Normalize Layer in Caffe

message NormalizeParameter {
  optional bool across_spatial = 1 [default = true];
  // Initial value of scale. Default is 1.0 for all
  optional FillerParameter scale_filler = 2;
  // Whether or not scale parameters are shared across channels.
  optional bool channel_shared = 3 [default = true];
  // Epsilon for not dividing by zero while normalizing variance
  optional float eps = 4 [default = 1e-10];
}

下面进行实验,主要检查三个参数的具体含义,即across_spatial , scale_filler ,channel_shared。

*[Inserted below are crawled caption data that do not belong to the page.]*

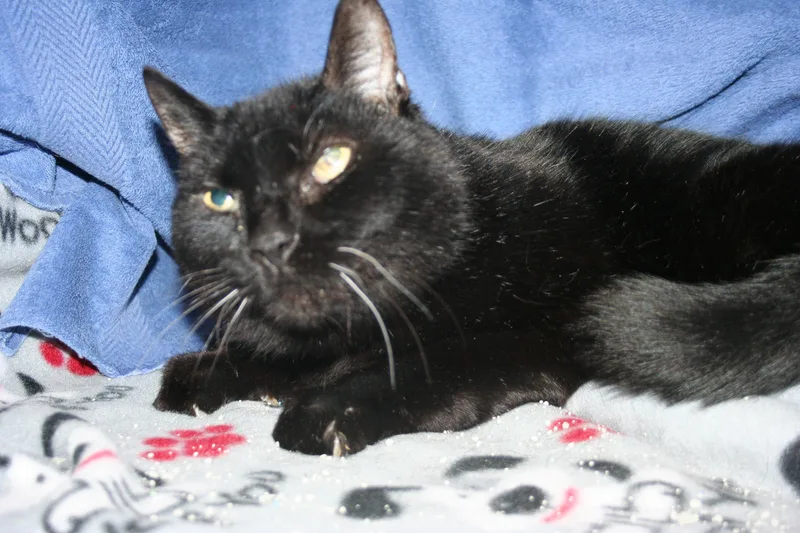 An adult medium-sized male Black Domestic Short Hair cat named Mister Gidion for adoption in Howell, MI
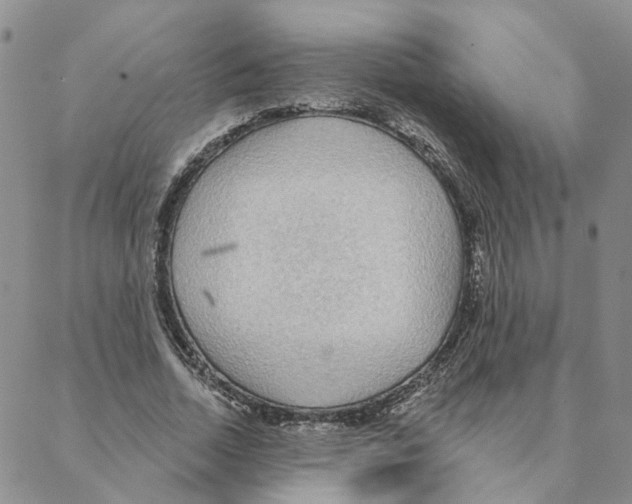 X0000088180730200706121650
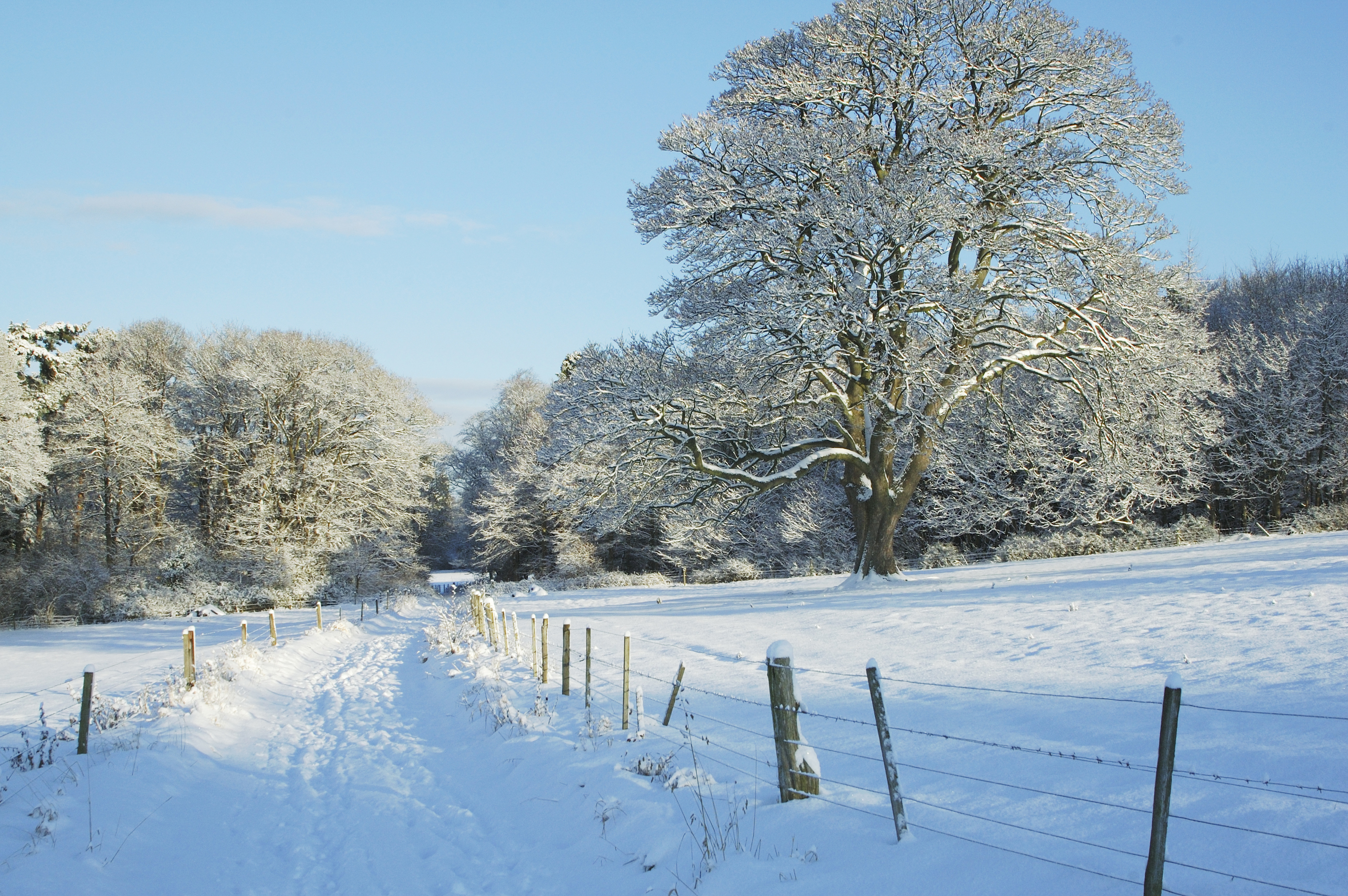 The Met Office has issued snow and ice warnings for parts of Scotland (iStock)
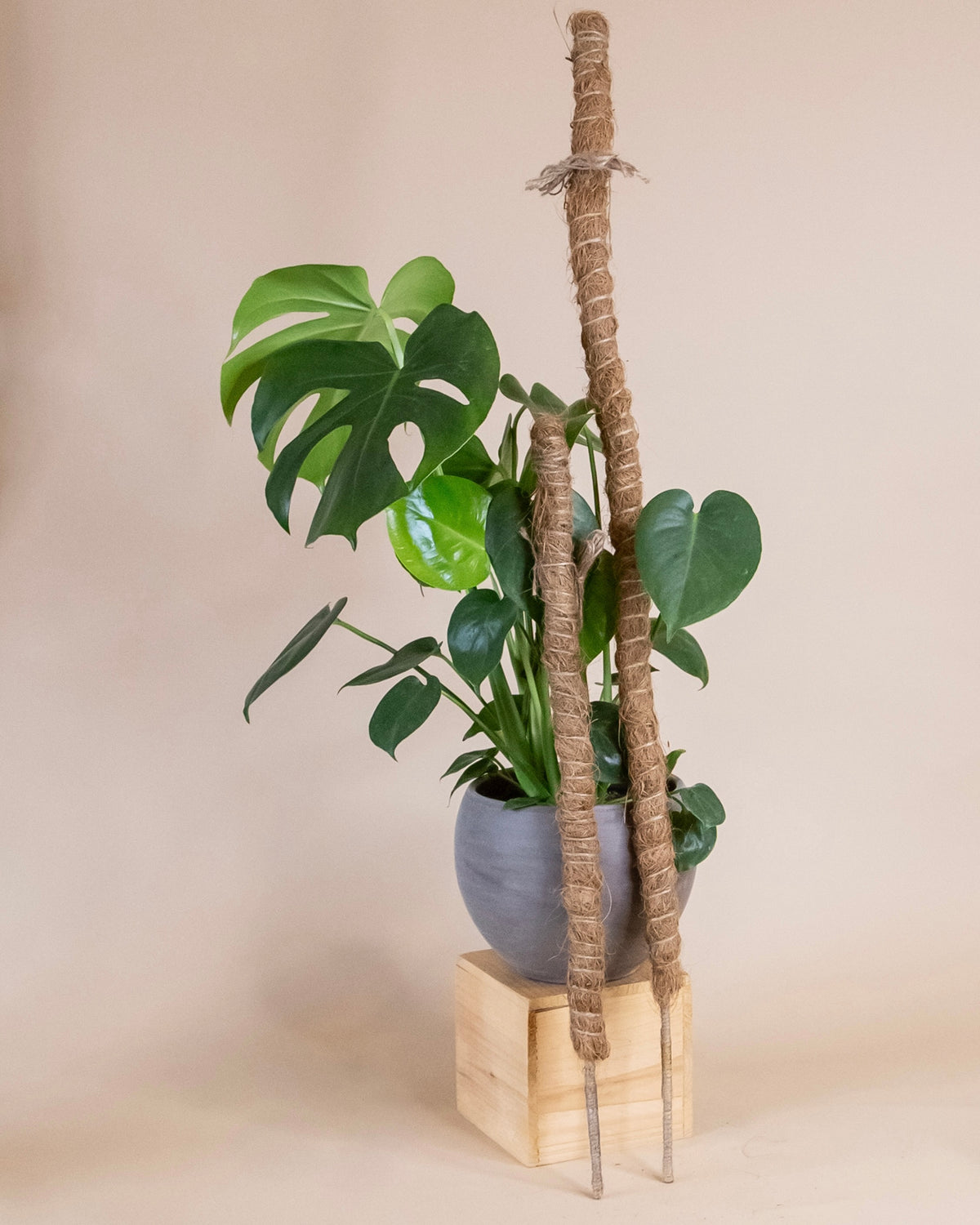 Bendable Coco Coir Climbing Plant Pole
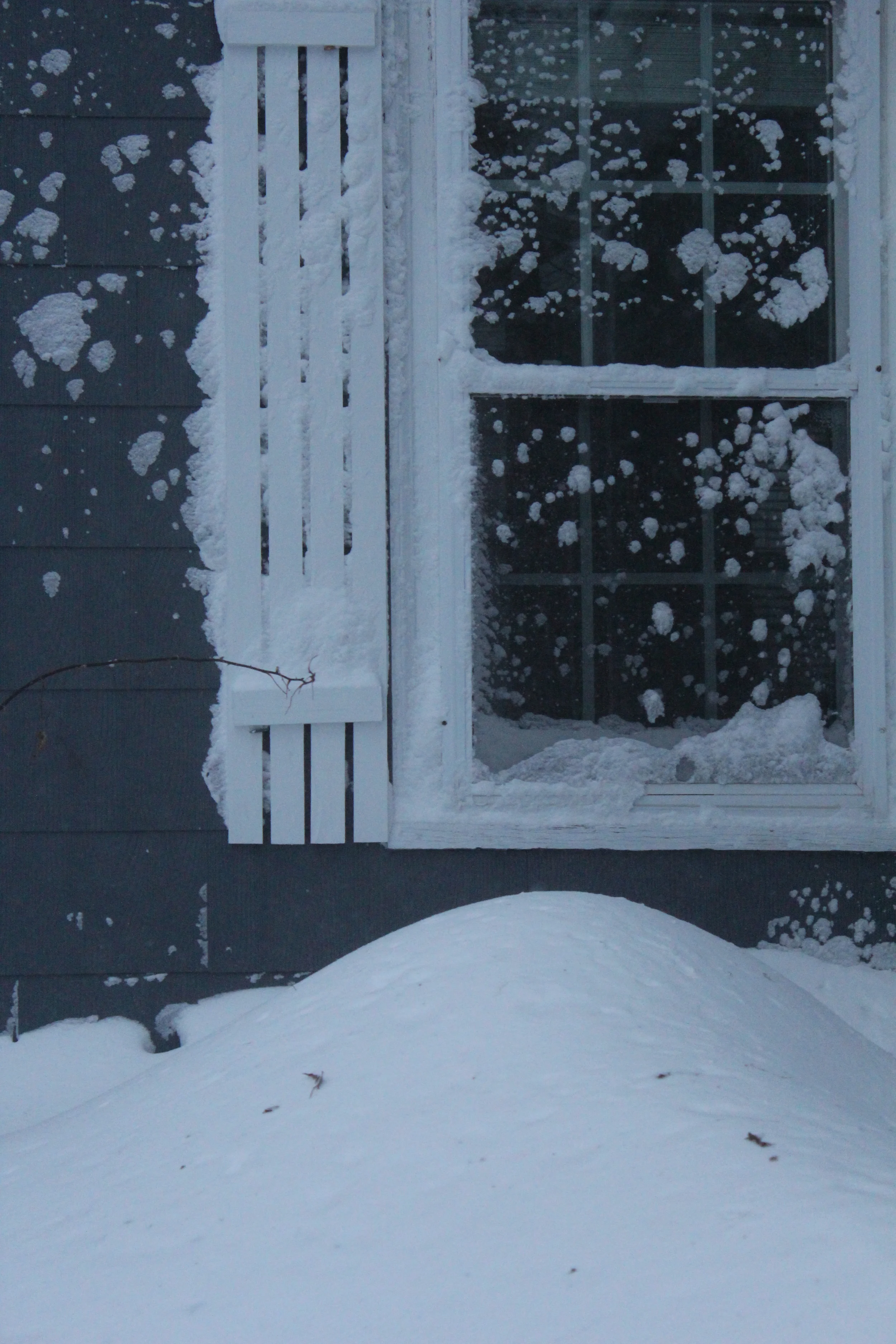 This is just from today's nor'easter.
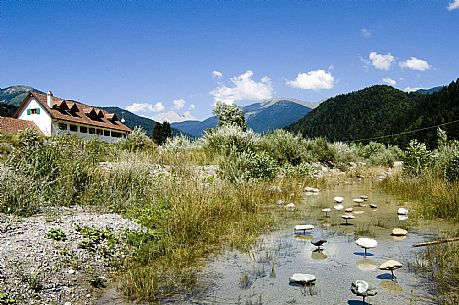 Sawmill in Applis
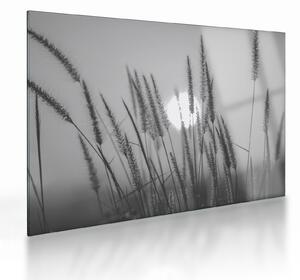 Üveg kép - Mező naplementében (70x50 cm)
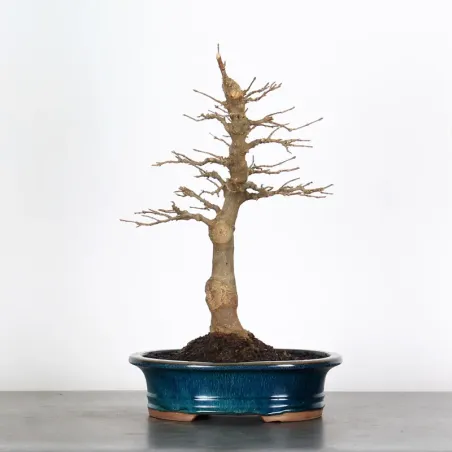 MAPLE "ACER BUERGERIANUM" 2-25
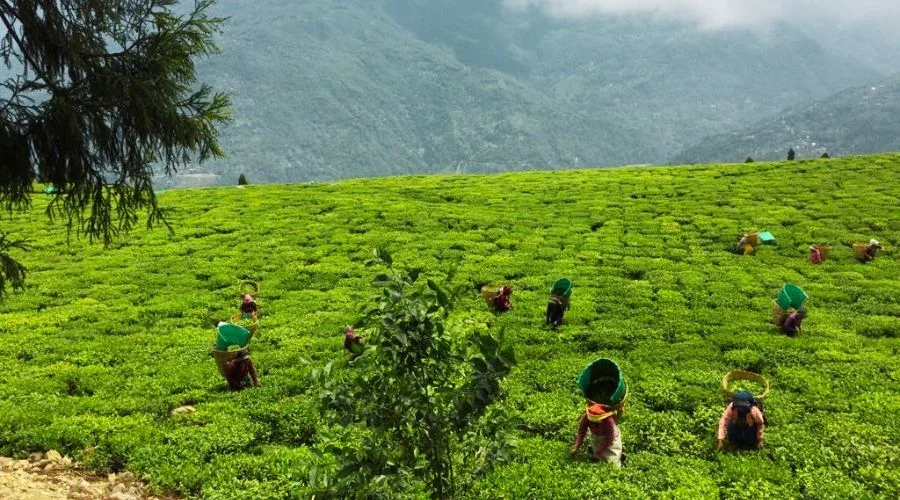 Sikkim sustainable travel India organic state eco tourism in India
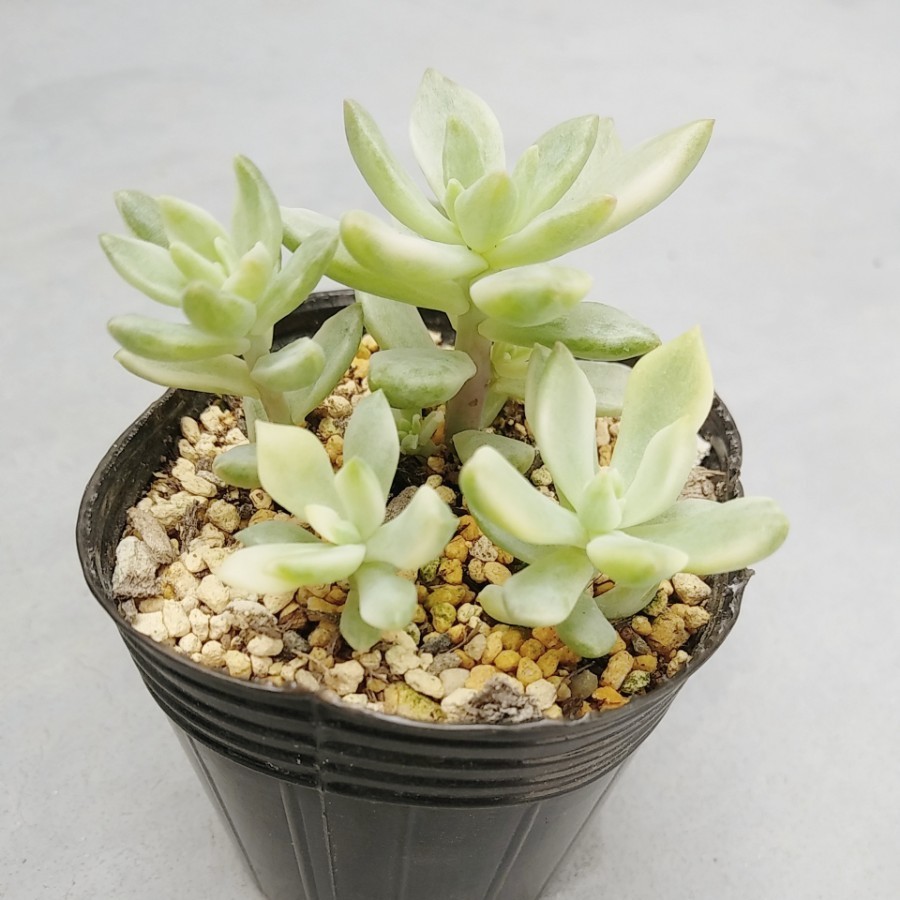 多肉植物 リトルビューティー錦 抜き苗|Yahoo!フリマ(旧PayPay 多肉植物 リトルビューティー錦 抜き苗|Yahoo!フリマ(旧PayPay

  1. across_spatial: 对于每个样本,其到达norm层的张量形状表示为(1,c,h,w),那么across_spatial用来指示标准化是否要跨空间位置 (即(h,w))。如果across_spatial=False,则表示分别对(h,w)空间中的每个位置的c个通道的元素(也就是该位置的特征描述矢量)进行单独的标准化。如果across_spatial=True, 则基于所有的c*h*w个元素进行标准化。
  2. scale_filler: 包含可学习的参数(见下面的prototxt)。和卷积层参数一样,可以通过设置学习率来决定是否对该参数进行更新,例如设置学习率为0,实现常数的缩放。
  3. channel_shared: 用来控制scale_filler的参数是否被多个通道共享。如果channel_shared=True, 那么scale_filler中参数的形状为(1,)也就是一个待学习的标量;如果channel_shared=False, 那么scale_filler中参数的形状/长度为(c,), c为通道数。

检查1:前向

deploy.prototxt:

name: "demo"
layer {
  name: "data"
  type: "Input"
  top: "data"
  input_param { shape: { dim: 2 dim: 3 dim: 2 dim: 3 } }
}
layer {
  name: "norm"
  type: "Normalize"
  bottom: "data"
  top: "norm"
  norm_param {
    across_spatial: True
    scale_filler {
      type: "constant"
      value: 6
    }
    channel_shared: True
  }
}

main.py

#coding=UTF-8
import caffe
import numpy as np
caffe.set_mode_cpu()

input_data = np.zeros(shape=(2,3,2,3),dtype=np.float32)

input_data[0,0,:,:] = np.array([[1,2,3],[4,5,6]])
input_data[0,1,:,:] = np.array([[1,1,2],[4,5,6]])
input_data[0,2,:,:] = np.array([[1,2,2],[4,5,6]])


input_data[1,0,:,:] = np.array([[1,2,3],[4,5,6]])
input_data[1,1,:,:] = np.array([[1,2,3],[4,4,6]])
input_data[1,2,:,:] = np.array([[1,2,3],[4,5,5]])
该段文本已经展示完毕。